+++ MATERIAL FOR THE TASK +++
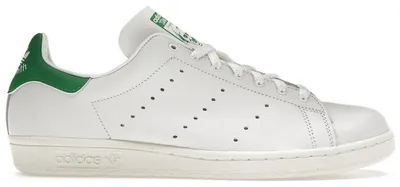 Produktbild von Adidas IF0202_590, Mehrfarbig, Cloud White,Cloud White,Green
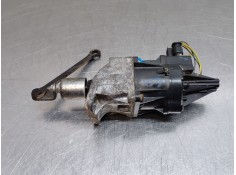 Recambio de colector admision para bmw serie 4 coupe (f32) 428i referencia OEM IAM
+++
+++ MATERIAL FOR THE TASK +++
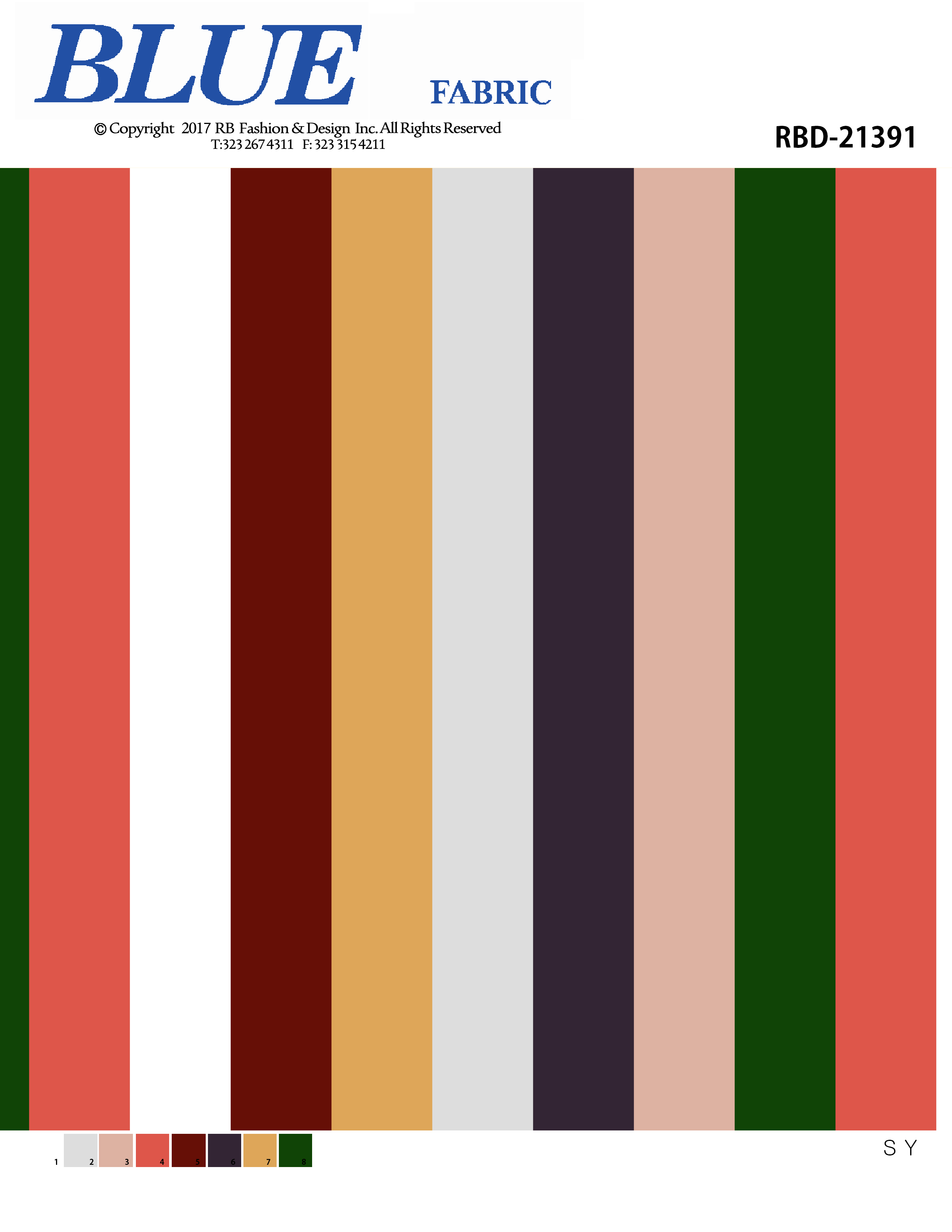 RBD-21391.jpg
+++
+++ MATERIAL FOR THE TASK +++
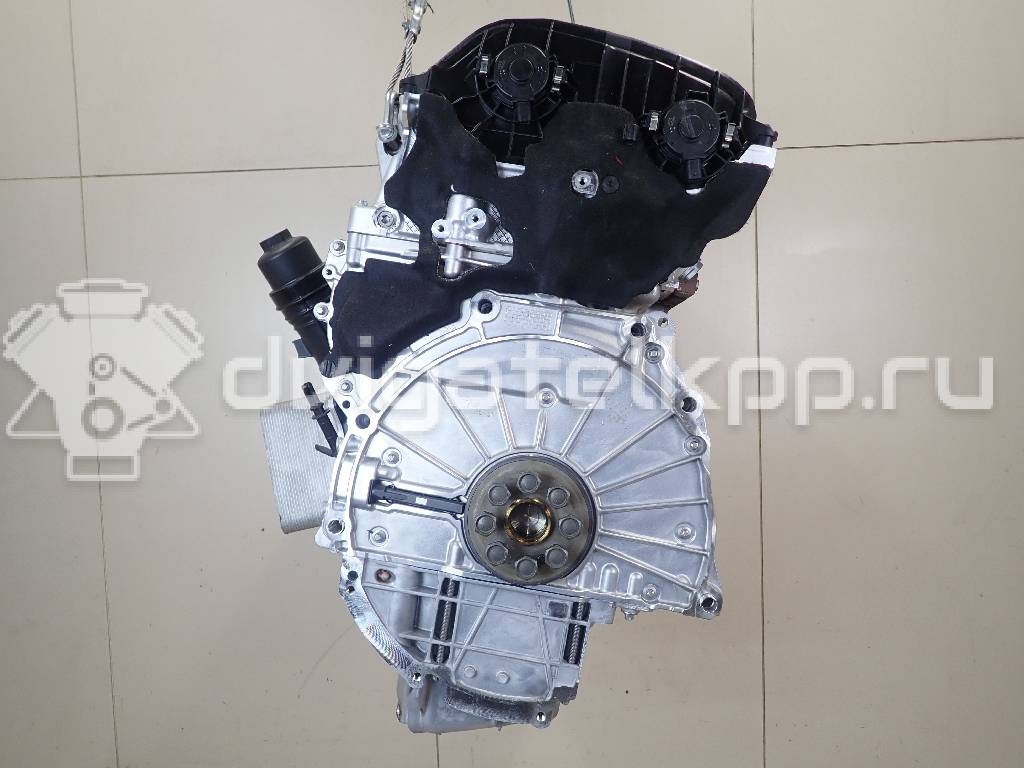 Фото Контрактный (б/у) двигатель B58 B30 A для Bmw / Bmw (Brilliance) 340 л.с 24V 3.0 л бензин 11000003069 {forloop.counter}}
+++
» **DIRECTIONS**: If a picture sits between the line containing "Produktbild von Adidas" and the line containing "Recambio de colector", leave it out, and return the lines of that range above exactly, both ends included.

» **EXERCISE RESPONSE**:
 Produktbild von Adidas IF0202_590, Mehrfarbig, Cloud White,Cloud White,Green
 Recambio de colector admision para bmw serie 4 coupe (f32) 428i referencia OEM IAM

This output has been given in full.